### AIM OF THE TASK
Transcribe the records that follow exactly. Skip the pictures.

START RECORD EXTRACTS

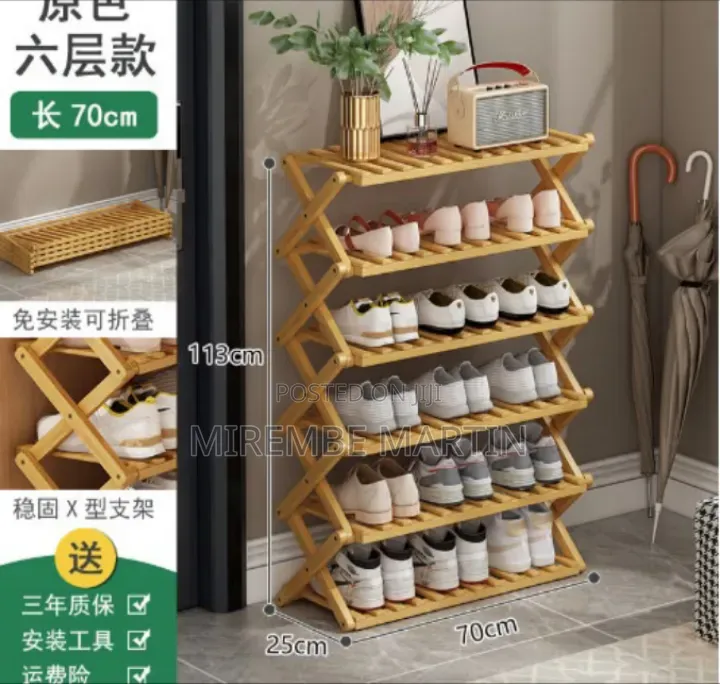 6-Layer Foldable Bamboo Shoe Rack With a Natural Wood Finish,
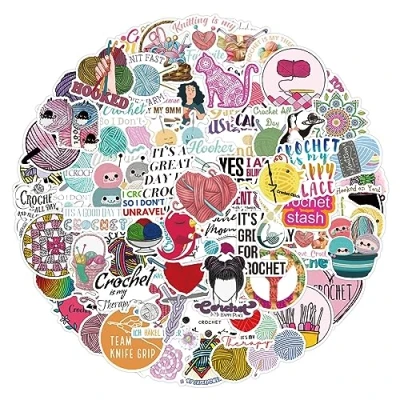 Image of Crochet Stickers for Laptop (100 PCS),Gift Children Teens Adults Girl Boys,Waterproof Water Bottle,Knitting Vinyl Scrapbook,Skateboard,Bike,Phone,Dairy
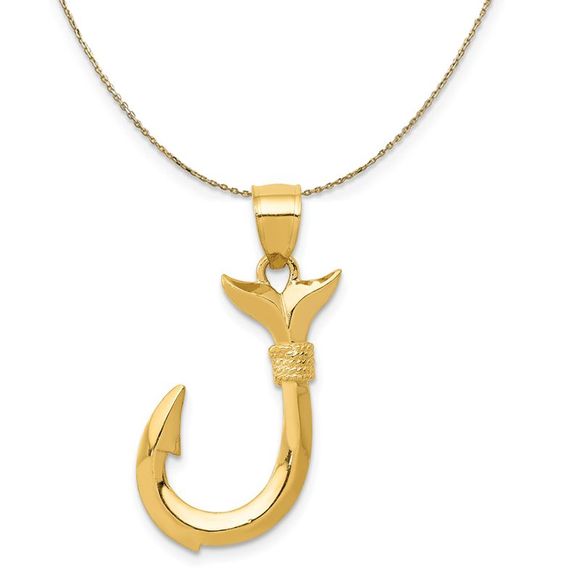 14k Yellow Gold Whale Tail Fishhook Necklace - 30 Inch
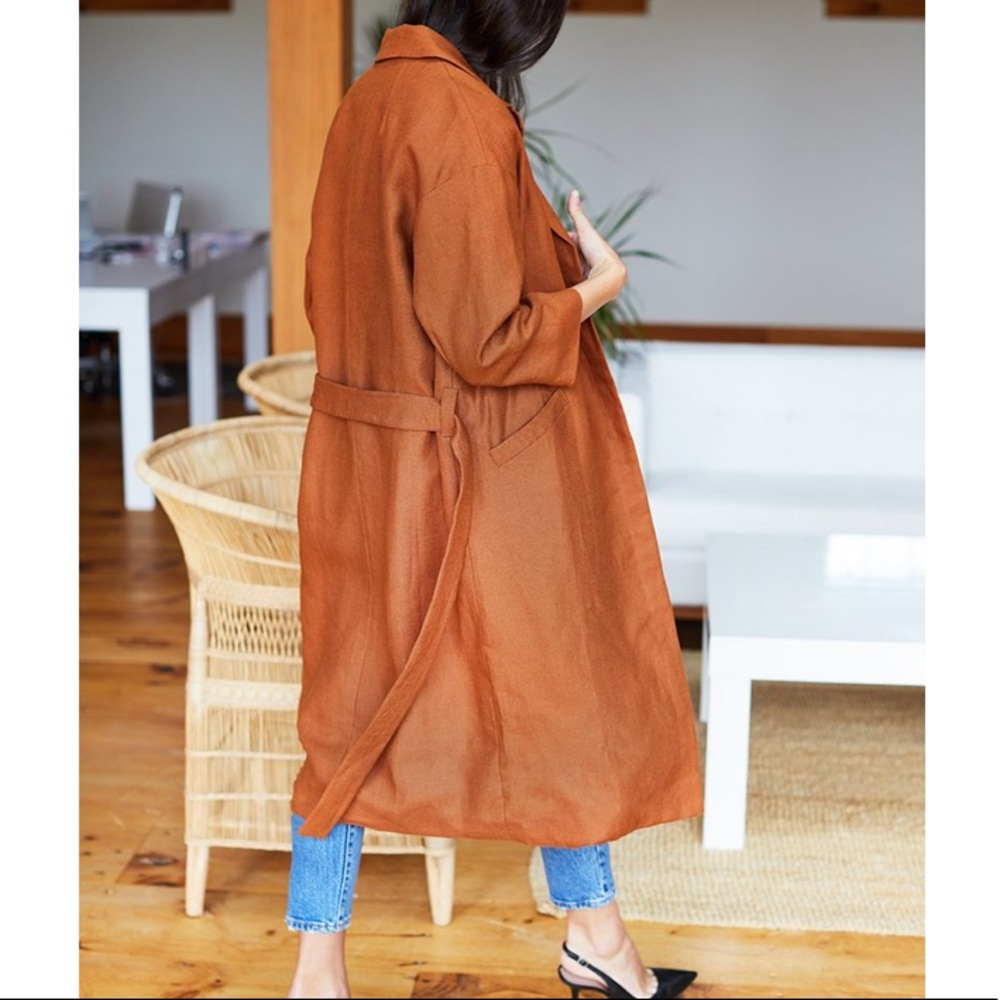Emerson Fry Drop Shoulder Coat- Sienna Linen - Picture 3 of 4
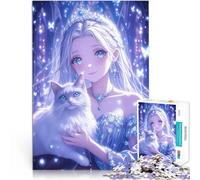 Gatto Angora Turco Principessa Anime Puzzle da 1000 pezzi per adulti Antistress Vacanza in patria Uccidere il tempo Lista dei desideri con Babbo Natale 38x26cm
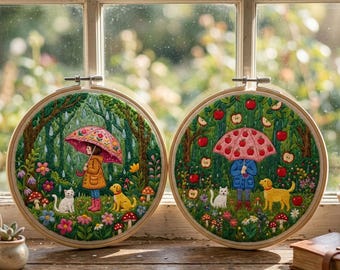 Forest Animal Embroidery Kit, Whimsical Woodland Scene, Cottagecore Craft Project,HK-SFZ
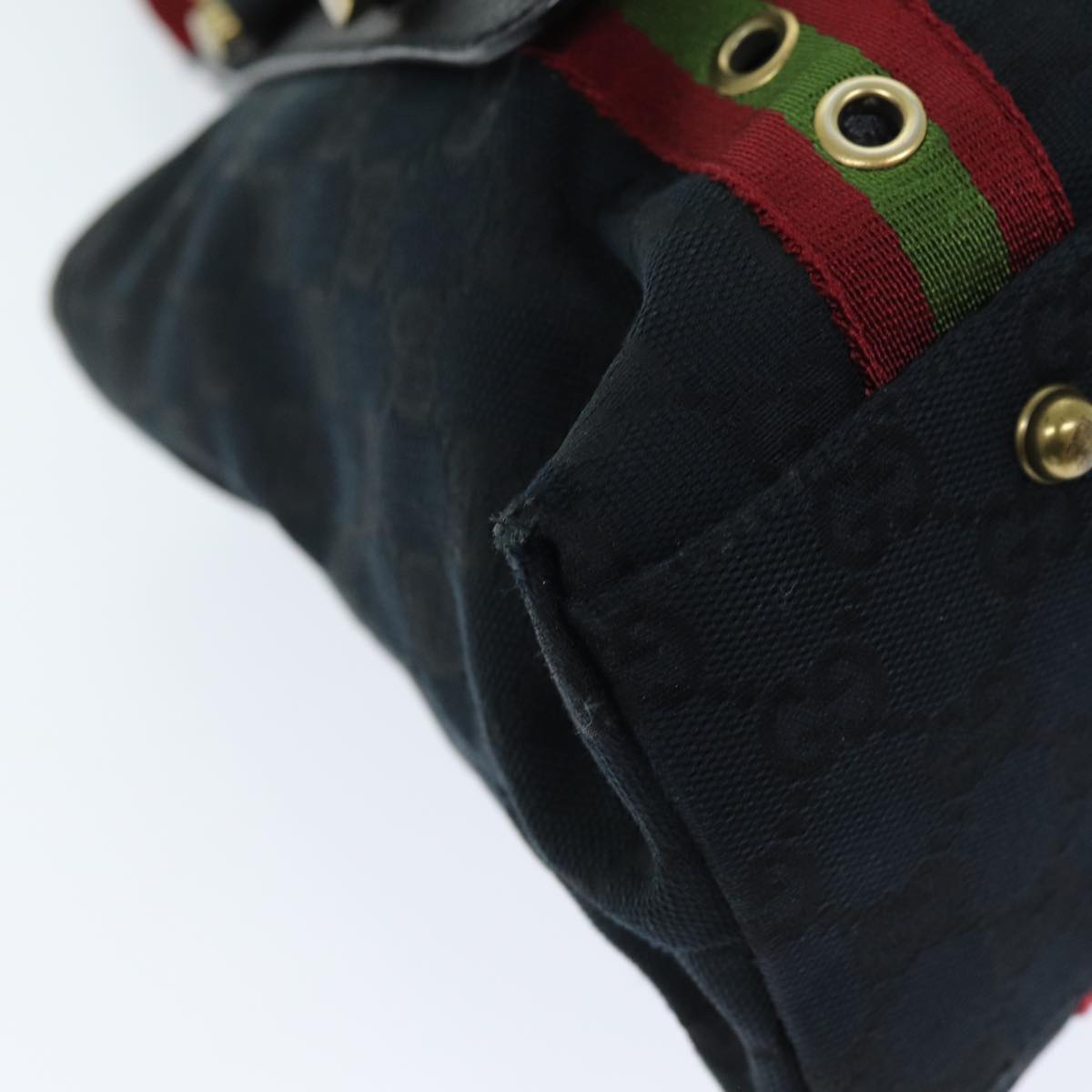 GUCCI GG Canvas Web Sherry Line Hand Bag Black Red Green 144188 72294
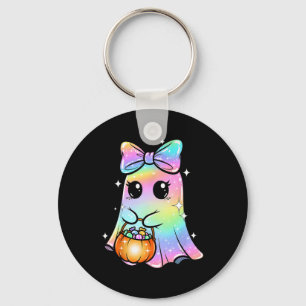 Snoep Ghost Shirt Rainbow Bow Treat Trick or Funny Sleutelhanger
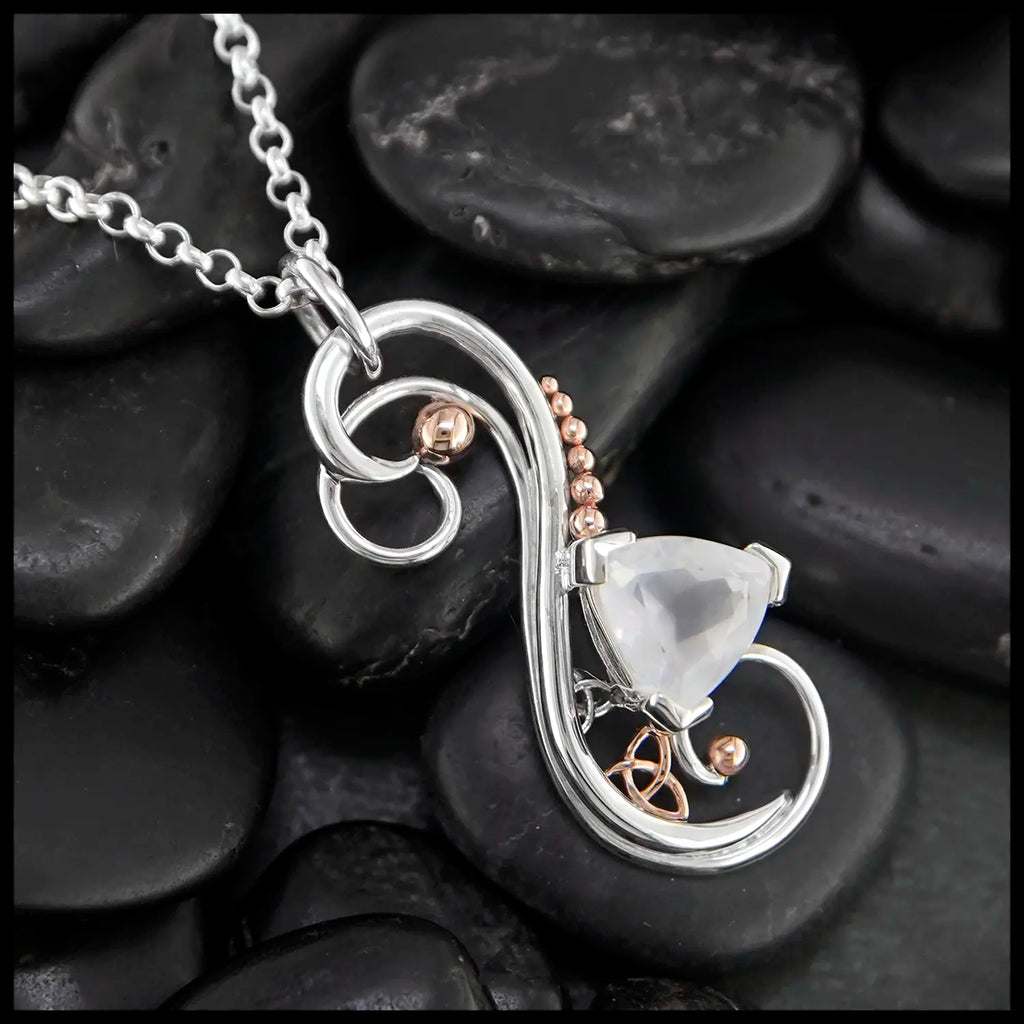 Custom Rose Quartz Flourish Pendant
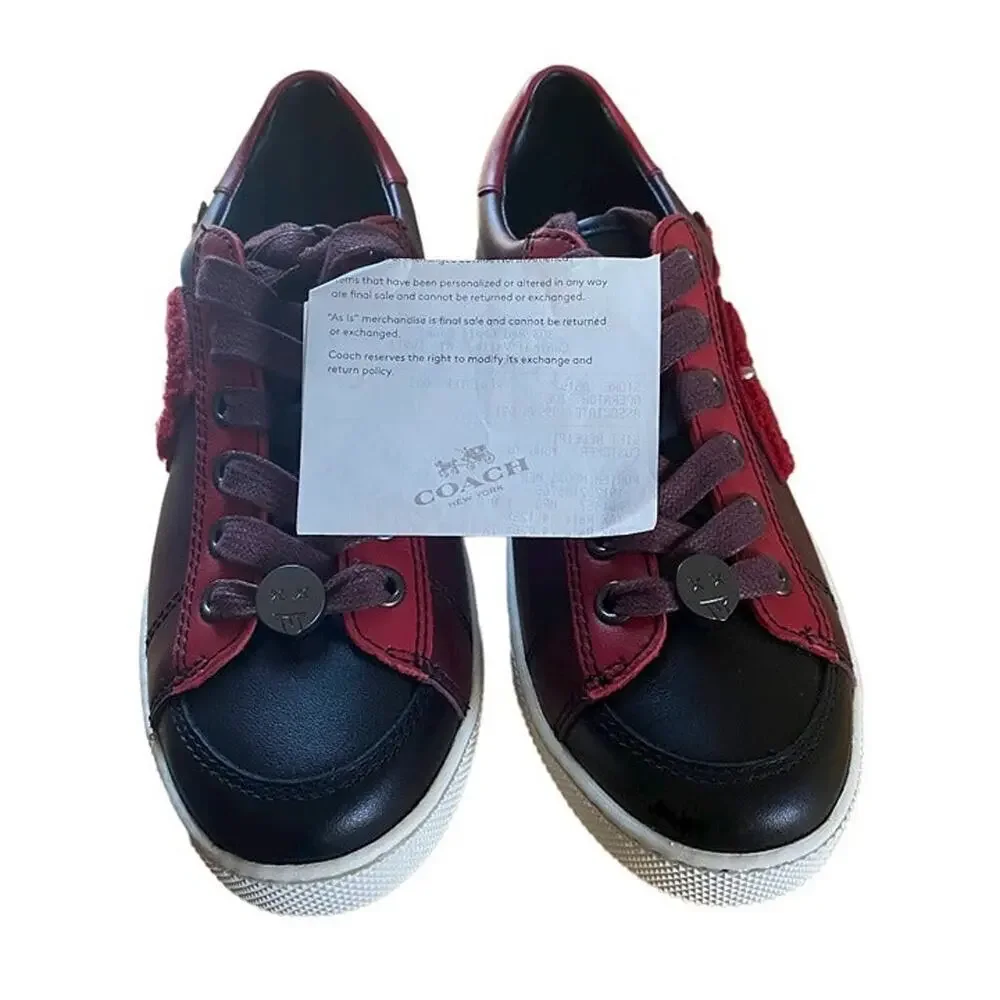 Coach CitySole Patchwork Red Star Patch Black Leather Sneaker Women's 5B Low Top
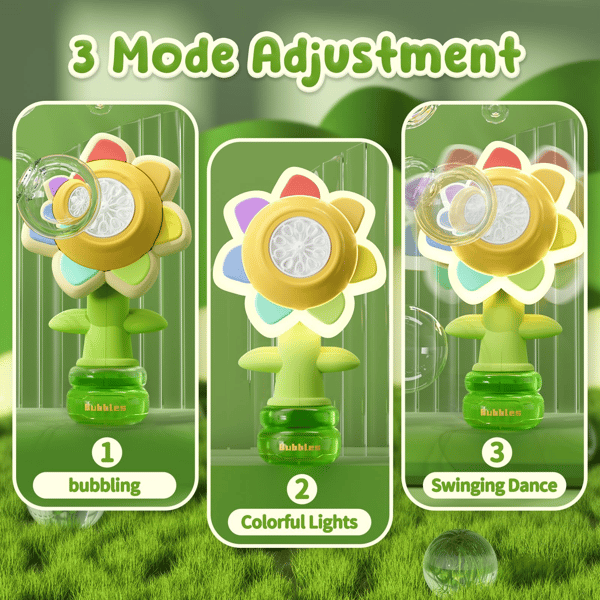 Pack Of 03 -  Seven color Flower Swing Bubble Making Machine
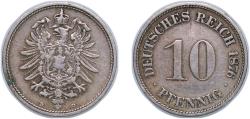 World Coins - Germany Germany - 1871-1948 1876 D 10 Pfennigs - Wilhelm I (type 1 - large shield) Copper-nickel Munich Mint (16787180) 4.06g VF KM 4 AKS 11 J 4 Schön 4 Neum 32, 5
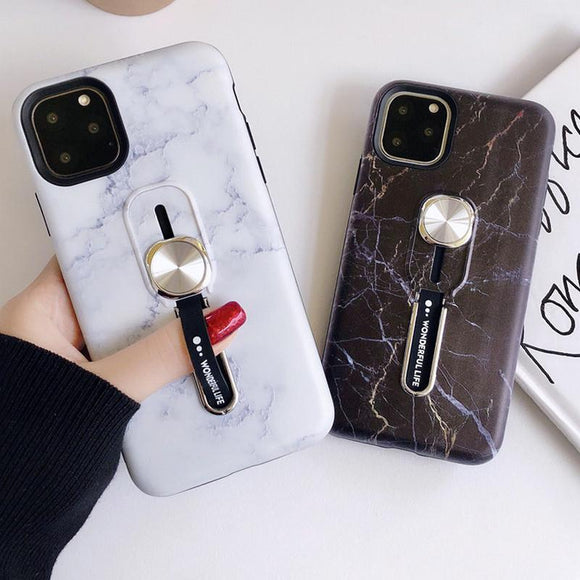 Simple Marble Hide Loop Stand Phone Case Back Cover - iPhone 11 Pro Max/11 Pro/11/XS Max/XR/XS/X/8 Plus/8/7 Plus/7 - halloladies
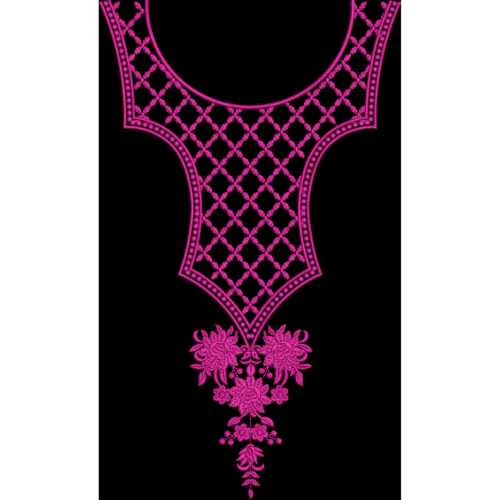 Vibrant Pink Geometric Embroidered Neckline Textile Design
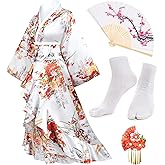 Women's Kimono Robe Geisha Yukata Sweet Tuxedo Ruffle Dress Blossom Satin Bathrobe Sleepwear Fans Tabi Socks Set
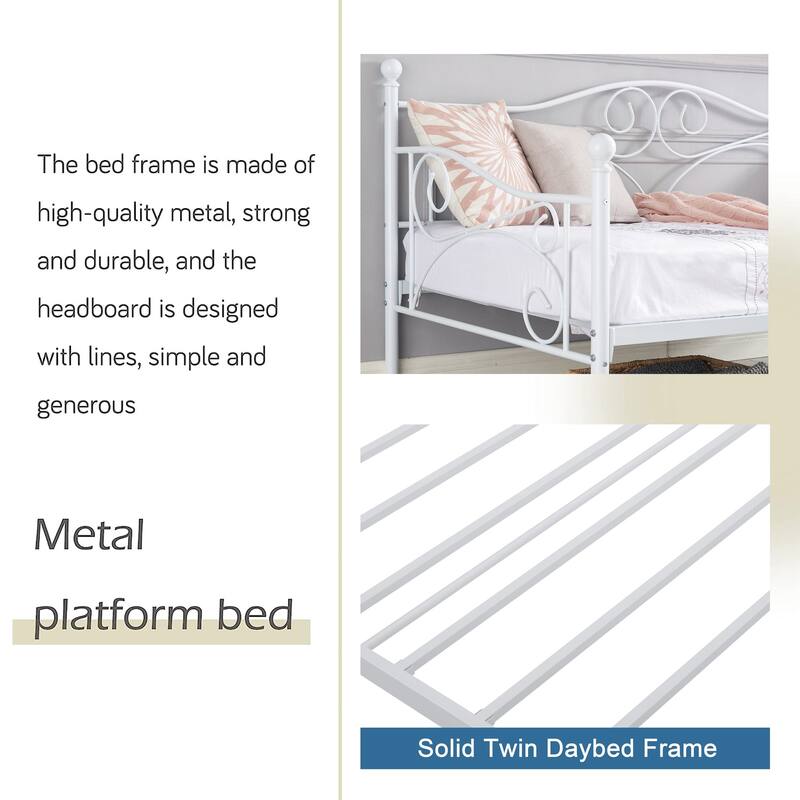 Javlergo Twin Metal Daybed Modern Sofa Bed Frame with Headboard No Box Spring Needed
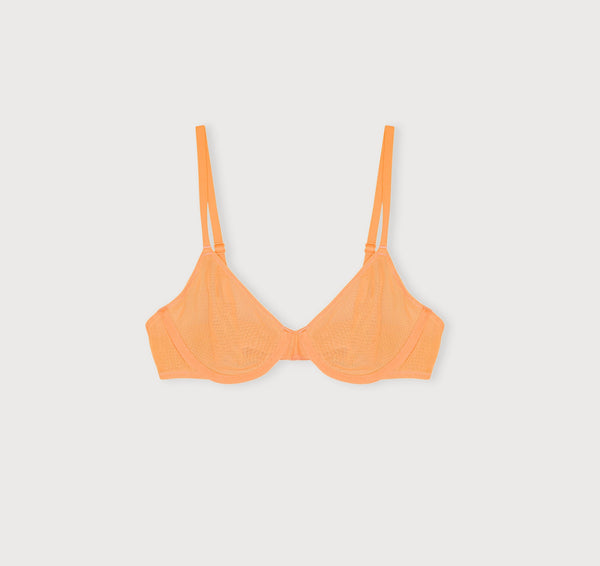 Organic Basics Mesh Unlined Demi Bra Papaya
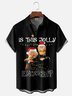 Moisture-wicking Christmas Santa Claus Chest Pocket Casual Shirt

END RECORD EXTRACTS

### ANSWER AREA
 6-Layer Foldable Bamboo Shoe Rack With a Natural Wood Finish,
 Image of Crochet Stickers for Laptop (100 PCS),Gift Children Teens Adults Girl Boys,Waterproof Water Bottle,Knitting Vinyl Scrapbook,Skateboard,Bike,Phone,Dairy
 14k Yellow Gold Whale Tail Fishhook Necklace - 30 Inch
Emerson Fry Drop Shoulder Coat- Sienna Linen - Picture 3 of 4
 Gatto Angora Turco Principessa Anime Puzzle da 1000 pezzi per adulti Antistress Vacanza in patria Uccidere il tempo Lista dei desideri con Babbo Natale 38x26cm
 Forest Animal Embroidery Kit, Whimsical Woodland Scene, Cottagecore Craft Project,HK-SFZ
 GUCCI GG Canvas Web Sherry Line Hand Bag Black Red Green 144188 72294
 Snoep Ghost Shirt Rainbow Bow Treat Trick or Funny Sleutelhanger
 Custom Rose Quartz Flourish Pendant
 Coach CitySole Patchwork Red Star Patch Black Leather Sneaker Women's 5B Low Top
 Pack Of 03 -  Seven color Flower Swing Bubble Making Machine
 World Coins - Germany Germany - 1871-1948 1876 D 10 Pfennigs - Wilhelm I (type 1 - large shield) Copper-nickel Munich Mint (16787180) 4.06g VF KM 4 AKS 11 J 4 Schön 4 Neum 32, 5
 Simple Marble Hide Loop Stand Phone Case Back Cover - iPhone 11 Pro Max/11 Pro/11/XS Max/XR/XS/X/8 Plus/8/7 Plus/7 - halloladies
 Vibrant Pink Geometric Embroidered Neckline Textile Design
 Women's Kimono Robe Geisha Yukata Sweet Tuxedo Ruffle Dress Blossom Satin Bathrobe Sleepwear Fans Tabi Socks Set
 Javlergo Twin Metal Daybed Modern Sofa Bed Frame with Headboard No Box Spring Needed
 Organic Basics Mesh Unlined Demi Bra Papaya
 Moisture-wicking Christmas Santa Claus Chest Pocket Casual Shirt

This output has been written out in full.